Write out every line exactly, from the first line of the records below through the line that contains "Фольксваген Arteon, объемом".

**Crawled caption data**
=== Section Start ===

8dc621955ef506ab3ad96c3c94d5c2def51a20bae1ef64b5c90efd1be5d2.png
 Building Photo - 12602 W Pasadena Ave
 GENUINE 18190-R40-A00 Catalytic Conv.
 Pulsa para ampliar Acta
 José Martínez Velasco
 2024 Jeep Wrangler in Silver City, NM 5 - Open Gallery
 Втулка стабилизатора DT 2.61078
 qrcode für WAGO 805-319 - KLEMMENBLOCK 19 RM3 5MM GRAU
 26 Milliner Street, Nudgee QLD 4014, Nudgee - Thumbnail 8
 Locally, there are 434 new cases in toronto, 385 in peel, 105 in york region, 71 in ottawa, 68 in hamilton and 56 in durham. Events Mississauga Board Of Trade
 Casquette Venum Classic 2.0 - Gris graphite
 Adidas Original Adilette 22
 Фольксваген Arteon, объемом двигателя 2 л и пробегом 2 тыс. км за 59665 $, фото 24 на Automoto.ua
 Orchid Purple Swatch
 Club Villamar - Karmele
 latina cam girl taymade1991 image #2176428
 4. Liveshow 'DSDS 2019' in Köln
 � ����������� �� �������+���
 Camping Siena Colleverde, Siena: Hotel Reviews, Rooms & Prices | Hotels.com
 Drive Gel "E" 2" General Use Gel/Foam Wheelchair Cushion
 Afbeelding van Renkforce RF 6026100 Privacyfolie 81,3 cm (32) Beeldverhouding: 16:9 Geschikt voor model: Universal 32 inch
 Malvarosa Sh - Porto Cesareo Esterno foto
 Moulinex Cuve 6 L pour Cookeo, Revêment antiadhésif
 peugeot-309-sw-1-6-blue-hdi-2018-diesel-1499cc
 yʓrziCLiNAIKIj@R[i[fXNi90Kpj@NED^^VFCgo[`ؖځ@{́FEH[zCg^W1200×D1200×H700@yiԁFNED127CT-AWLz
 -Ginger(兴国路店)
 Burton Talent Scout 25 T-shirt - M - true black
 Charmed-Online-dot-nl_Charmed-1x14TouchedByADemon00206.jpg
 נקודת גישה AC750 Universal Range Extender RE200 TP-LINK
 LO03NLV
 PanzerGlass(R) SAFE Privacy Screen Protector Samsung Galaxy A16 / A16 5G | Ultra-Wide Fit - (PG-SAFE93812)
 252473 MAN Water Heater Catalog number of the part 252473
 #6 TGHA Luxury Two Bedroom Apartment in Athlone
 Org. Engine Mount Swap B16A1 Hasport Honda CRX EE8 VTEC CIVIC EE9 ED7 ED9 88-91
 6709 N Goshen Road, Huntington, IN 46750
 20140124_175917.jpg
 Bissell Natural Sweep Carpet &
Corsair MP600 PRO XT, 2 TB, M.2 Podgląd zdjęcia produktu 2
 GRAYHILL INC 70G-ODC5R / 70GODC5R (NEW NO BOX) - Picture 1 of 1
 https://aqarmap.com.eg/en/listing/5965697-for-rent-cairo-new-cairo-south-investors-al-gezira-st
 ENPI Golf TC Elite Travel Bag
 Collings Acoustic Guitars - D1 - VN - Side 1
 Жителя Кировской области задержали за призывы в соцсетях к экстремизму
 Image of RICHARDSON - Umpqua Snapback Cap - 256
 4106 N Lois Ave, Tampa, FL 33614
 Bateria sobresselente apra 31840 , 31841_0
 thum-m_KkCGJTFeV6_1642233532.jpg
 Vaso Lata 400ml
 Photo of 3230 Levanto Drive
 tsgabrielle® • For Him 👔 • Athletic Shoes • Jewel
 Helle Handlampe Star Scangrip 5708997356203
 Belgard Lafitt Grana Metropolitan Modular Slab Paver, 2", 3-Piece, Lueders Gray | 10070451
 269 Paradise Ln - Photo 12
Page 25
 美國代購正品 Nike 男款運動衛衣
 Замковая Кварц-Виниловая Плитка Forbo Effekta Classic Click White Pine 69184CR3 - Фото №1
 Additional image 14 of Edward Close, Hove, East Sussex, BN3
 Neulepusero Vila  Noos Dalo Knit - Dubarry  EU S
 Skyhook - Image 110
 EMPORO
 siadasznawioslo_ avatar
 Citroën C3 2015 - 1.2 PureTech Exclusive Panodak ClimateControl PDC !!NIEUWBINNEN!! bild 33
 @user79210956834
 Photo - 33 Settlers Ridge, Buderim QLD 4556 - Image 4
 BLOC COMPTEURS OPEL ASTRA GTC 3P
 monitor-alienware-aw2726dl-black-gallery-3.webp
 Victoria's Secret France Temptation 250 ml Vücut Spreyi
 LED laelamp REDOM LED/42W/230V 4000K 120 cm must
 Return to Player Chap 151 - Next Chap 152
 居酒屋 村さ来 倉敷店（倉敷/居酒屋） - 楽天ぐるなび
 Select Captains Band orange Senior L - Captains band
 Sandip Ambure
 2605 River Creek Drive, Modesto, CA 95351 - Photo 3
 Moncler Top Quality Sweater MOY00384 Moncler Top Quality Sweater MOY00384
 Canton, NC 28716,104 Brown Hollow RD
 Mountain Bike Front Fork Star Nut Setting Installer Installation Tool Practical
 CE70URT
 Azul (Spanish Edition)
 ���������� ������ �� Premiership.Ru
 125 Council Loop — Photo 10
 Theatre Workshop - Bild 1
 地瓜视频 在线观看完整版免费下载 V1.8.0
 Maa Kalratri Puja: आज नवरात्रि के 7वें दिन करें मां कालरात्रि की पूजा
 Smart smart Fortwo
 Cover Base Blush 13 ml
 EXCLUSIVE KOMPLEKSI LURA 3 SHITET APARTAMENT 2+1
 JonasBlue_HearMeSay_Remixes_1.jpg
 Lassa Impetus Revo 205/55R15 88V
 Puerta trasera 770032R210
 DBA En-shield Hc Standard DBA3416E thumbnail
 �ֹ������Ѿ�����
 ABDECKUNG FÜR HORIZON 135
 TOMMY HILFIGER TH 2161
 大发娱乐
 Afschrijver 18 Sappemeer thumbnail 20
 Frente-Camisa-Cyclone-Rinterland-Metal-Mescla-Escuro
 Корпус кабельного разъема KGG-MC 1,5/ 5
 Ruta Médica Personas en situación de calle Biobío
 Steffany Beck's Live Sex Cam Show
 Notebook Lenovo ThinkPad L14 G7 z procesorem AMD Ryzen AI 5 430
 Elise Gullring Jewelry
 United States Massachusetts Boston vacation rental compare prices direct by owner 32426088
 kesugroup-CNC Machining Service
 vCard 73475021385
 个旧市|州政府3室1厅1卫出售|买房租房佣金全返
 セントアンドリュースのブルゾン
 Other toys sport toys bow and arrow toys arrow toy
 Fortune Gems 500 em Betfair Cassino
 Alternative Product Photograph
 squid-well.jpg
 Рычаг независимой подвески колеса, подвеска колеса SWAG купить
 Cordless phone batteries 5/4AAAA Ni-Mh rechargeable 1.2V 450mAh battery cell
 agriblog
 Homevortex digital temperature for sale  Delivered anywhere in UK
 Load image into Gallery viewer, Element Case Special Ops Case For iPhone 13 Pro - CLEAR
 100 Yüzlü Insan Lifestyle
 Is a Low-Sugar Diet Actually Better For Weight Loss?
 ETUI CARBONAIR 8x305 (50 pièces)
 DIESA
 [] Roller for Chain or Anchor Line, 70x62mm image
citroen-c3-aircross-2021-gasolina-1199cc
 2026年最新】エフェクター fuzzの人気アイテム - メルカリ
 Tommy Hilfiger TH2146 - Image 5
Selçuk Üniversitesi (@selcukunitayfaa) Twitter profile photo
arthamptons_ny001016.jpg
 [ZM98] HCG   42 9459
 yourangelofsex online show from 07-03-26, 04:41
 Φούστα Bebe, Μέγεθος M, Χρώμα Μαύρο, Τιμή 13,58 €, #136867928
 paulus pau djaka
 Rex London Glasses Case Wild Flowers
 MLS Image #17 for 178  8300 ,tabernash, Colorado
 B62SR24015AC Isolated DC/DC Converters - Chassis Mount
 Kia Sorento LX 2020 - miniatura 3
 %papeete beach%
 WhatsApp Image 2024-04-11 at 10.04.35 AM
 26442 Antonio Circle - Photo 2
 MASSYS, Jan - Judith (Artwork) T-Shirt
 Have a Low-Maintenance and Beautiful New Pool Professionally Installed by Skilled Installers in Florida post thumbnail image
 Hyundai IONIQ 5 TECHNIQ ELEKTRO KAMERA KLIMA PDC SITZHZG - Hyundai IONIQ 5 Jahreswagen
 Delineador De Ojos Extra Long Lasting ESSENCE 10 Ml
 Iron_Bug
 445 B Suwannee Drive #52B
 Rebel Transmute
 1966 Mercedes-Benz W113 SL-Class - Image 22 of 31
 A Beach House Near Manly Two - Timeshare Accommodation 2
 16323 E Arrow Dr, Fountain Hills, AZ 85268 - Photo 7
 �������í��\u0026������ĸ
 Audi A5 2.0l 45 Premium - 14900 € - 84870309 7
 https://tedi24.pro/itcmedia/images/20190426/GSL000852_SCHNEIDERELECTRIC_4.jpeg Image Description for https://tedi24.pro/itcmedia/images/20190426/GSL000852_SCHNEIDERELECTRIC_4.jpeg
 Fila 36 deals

=== Section End ===

**Completed task**
8dc621955ef506ab3ad96c3c94d5c2def51a20bae1ef64b5c90efd1be5d2.png
 Building Photo - 12602 W Pasadena Ave
 GENUINE 18190-R40-A00 Catalytic Conv.
 Pulsa para ampliar Acta
 José Martínez Velasco
 2024 Jeep Wrangler in Silver City, NM 5 - Open Gallery
 Втулка стабилизатора DT 2.61078
 qrcode für WAGO 805-319 - KLEMMENBLOCK 19 RM3 5MM GRAU
 26 Milliner Street, Nudgee QLD 4014, Nudgee - Thumbnail 8
 Locally, there are 434 new cases in toronto, 385 in peel, 105 in york region, 71 in ottawa, 68 in hamilton and 56 in durham. Events Mississauga Board Of Trade
 Casquette Venum Classic 2.0 - Gris graphite
 Adidas Original Adilette 22
 Фольксваген Arteon, объемом двигателя 2 л и пробегом 2 тыс. км за 59665 $, фото 24 на Automoto.ua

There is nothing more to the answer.